BRIEF = Exactly the lines from the one containing "Nwot Women’s Printed" through the one containing "WESTERN HORSE MEDALLION DANGLE EARRING" in the listing below are to be copied, with the pictures left out.

GIVEN DATA =
++++++++++++++++++++

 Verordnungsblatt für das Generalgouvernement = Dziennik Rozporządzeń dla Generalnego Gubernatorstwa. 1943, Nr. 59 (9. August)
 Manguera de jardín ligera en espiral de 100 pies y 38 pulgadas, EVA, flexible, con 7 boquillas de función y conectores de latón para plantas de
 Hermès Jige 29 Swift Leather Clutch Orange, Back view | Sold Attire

++++++++++++++++++++

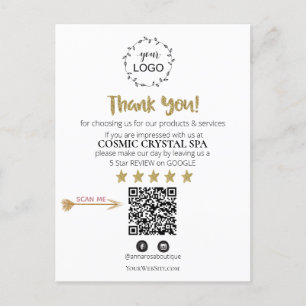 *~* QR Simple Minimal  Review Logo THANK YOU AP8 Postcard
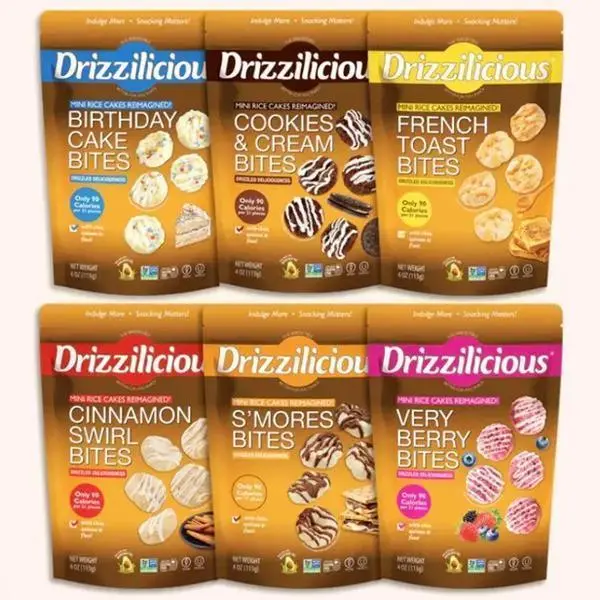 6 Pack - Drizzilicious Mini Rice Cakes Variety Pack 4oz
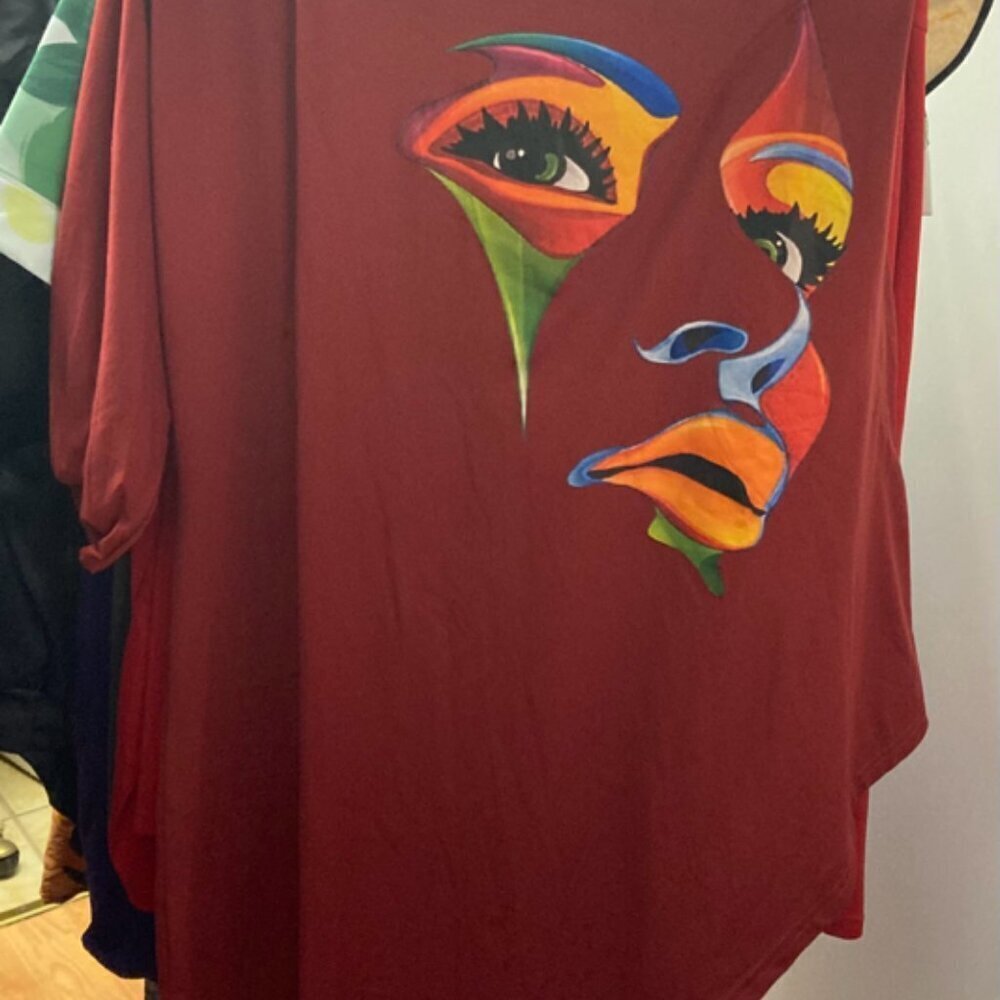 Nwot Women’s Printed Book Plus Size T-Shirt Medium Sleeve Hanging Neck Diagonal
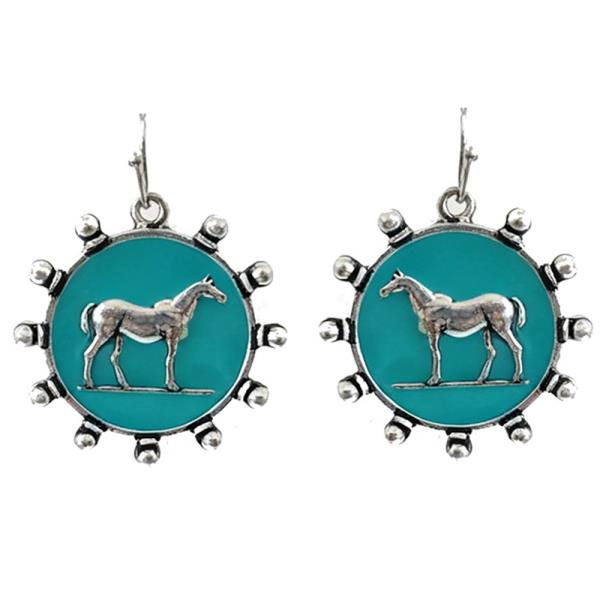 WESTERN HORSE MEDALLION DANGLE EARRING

++++++++++++++++++++

RESPONSE AREA =
 Nwot Women’s Printed Book Plus Size T-Shirt Medium Sleeve Hanging Neck Diagonal
 WESTERN HORSE MEDALLION DANGLE EARRING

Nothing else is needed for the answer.